Ese cansancio de nosotros mismos es lo que quiere la maldad. No le demos el gusto. No entreguemos nuestra reserva de energía más potente, que es seguir siendo lo que somos, aunque haya que descansar, aunque haya que cambiar otras cosas, aunque haya que buscar ayuda y solidaridad en otros. Nadie puede solo. Precisamente, la soledad moral, el aislamiento y la duda sobre lo que creemos y exigimos, son los instrumentos más eficaces para que gane la oscuridad.
Encender en uno mismo una pequeña luz interior es apresurar el amanecer para todos. ¿Creemos esto? Vale la pena vivir solo para mantener encendida esa pequeña luz. Eso esparce claridad en medio de la noche. Eso contagia esperanza en las peores circunstancias. Eso da sentido a la cruz y acelera la resurrección de Cuba. Y solo es cuidar que no se nos apague la pequeña luz interior.
Propuestas
- Seamos fieles a lo que somos y coherentes con aquello por lo que luchamos pacíficamente. El primer recurso para no cansarse es creer. Creer en nosotros mismos, creer en que hay otros a nuestro lado, lejos y cerca. Creer que el bien siempre triunfa sobre el mal. Creer que la fuerza espiritual es más fuerte que las cadenas, los palos y las balas. Creer que la pequeña luz enciende esperanza en los otros. En fin, es abandonarse y confiar en Dios que es el supremo asidero para los que creemos que Él no solo existe como Verdad, Bondad y Belleza absolutas, sino porque creemos que Él está de nuestro lado.
- Cada vez que la realidad tenga un revés, que pareciera que se tuerce el sendero, que el tiempo pasa, que se atornilla la maldad, pensemos que todo pasa, que jamás se ha visto que algo de este mundo dure para siempre. Que caigan esos mitos para mostrar la maldad desnuda es la mejor señal de esperanza. Créanlo. Y eso es lo que está pasando.

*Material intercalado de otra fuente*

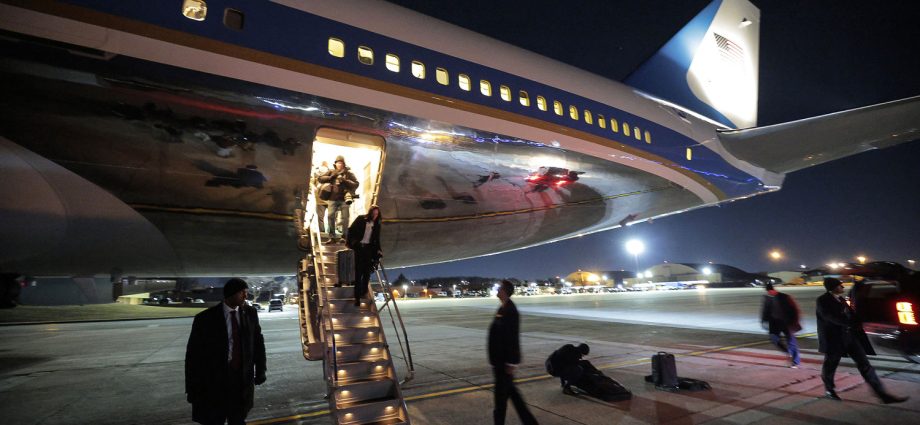 air-force-one,-with-the-traitor-aboard,-turns-around-after-‘minor-electrical-issue’-is-identified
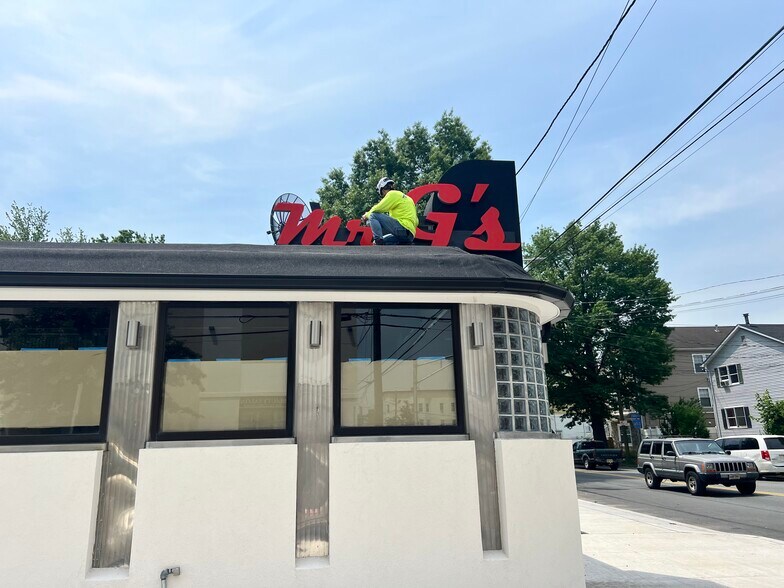 More Photos Of 455 E 18th St, Paterson Restaurant For Sale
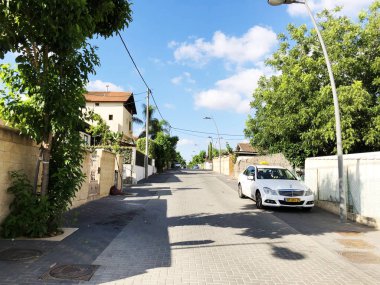 Rishon Le Zion, İsrail 07 Ekim 2019: Rishon Le Zion, İsrail 'de modern özel evler ve caddeler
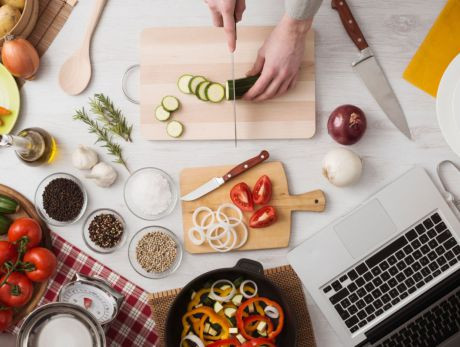 Gem&uuml;se wird auf einem Tisch geschnitten 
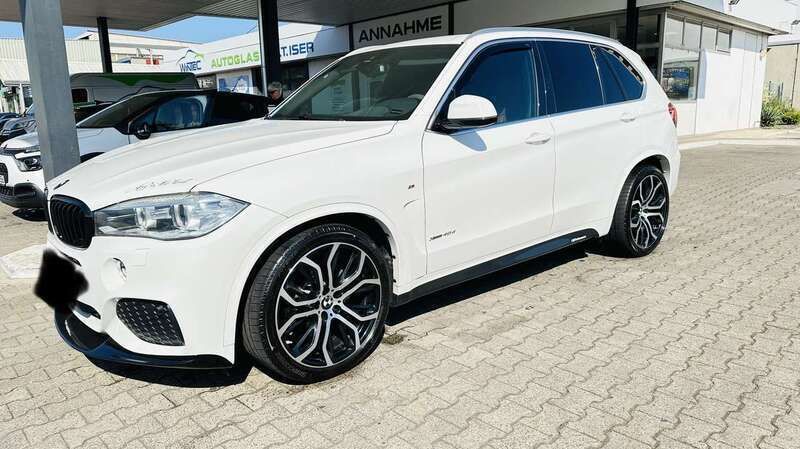 Weiß Gebraucht 2016 BMW X5 SUV | 29.500 € (Fairer Preis) - Bild 1/4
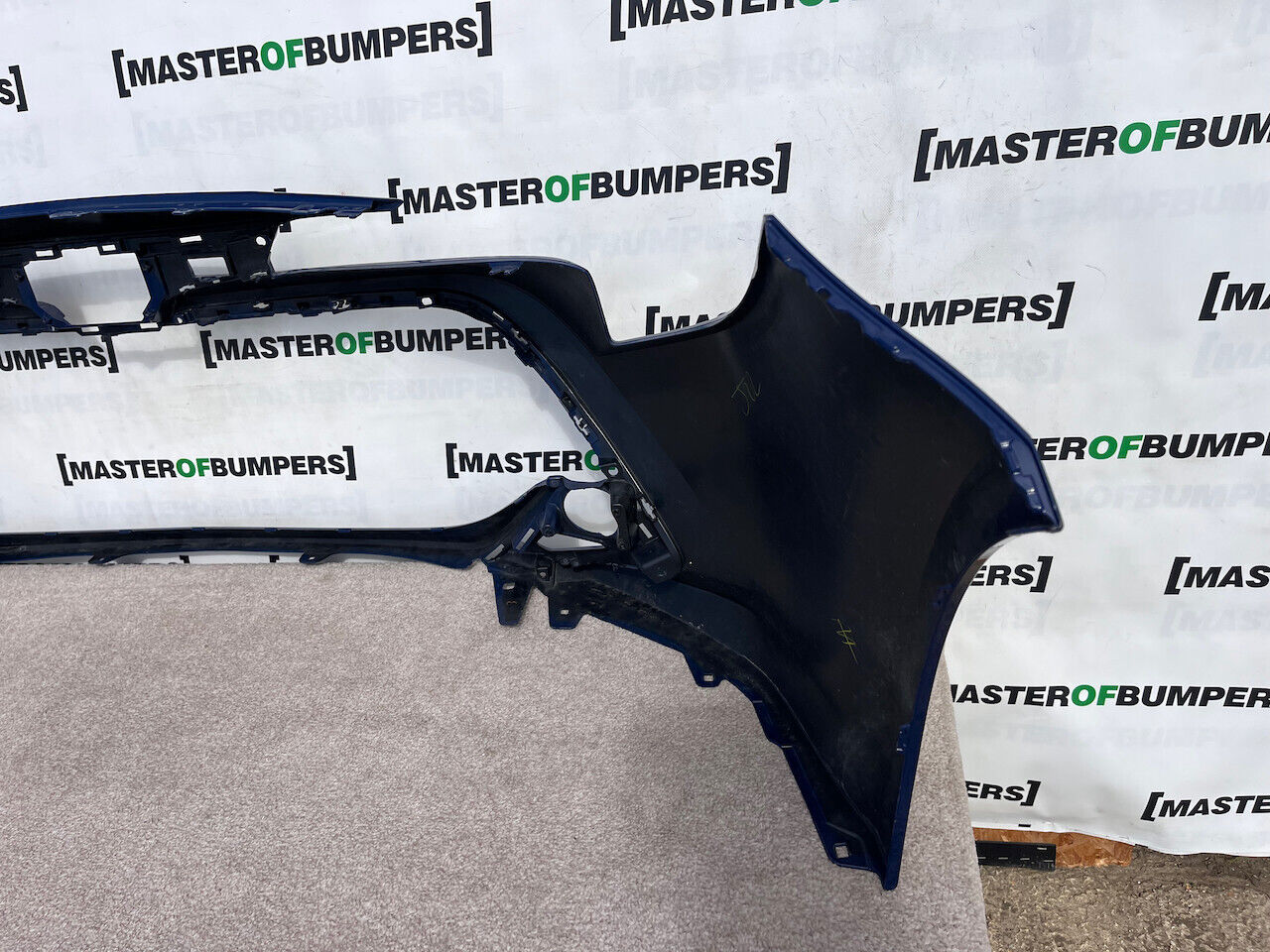 Toyota Corolla Hybrid Vvt Hatchback 2019-on Front Bumper No Pdc Genuine [t371]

- Aprendamos a dosificar nuestras fuerzas físicas y psicológicas, pero también velemos para que no se apaguen las fuerzas espirituales. No dejemos que el desgaste intencionado apague lo que somos, lo que pensamos, lo que queremos, lo que soñamos. Los sueños son mejores que las actuales pesadillas. Es necesario aprender de los deportistas: entrenar nuestro espíritu, dosificar nuestros esfuerzos, tener clara la meta y, sobre todo ponerle cuerpo, alma, corazón y vida a lo que le da sentido a nuestra existencia, a nuestra vocación personal y a nuestra misión en este mundo y en este país.
Es verdad que el que se cansa, pierde. Pero también es verdad que el que persevera, triunfa.
Hasta el próximo lunes, si Dios quiere.
(Publicado originalmente en Centro de Estudios Convivencia).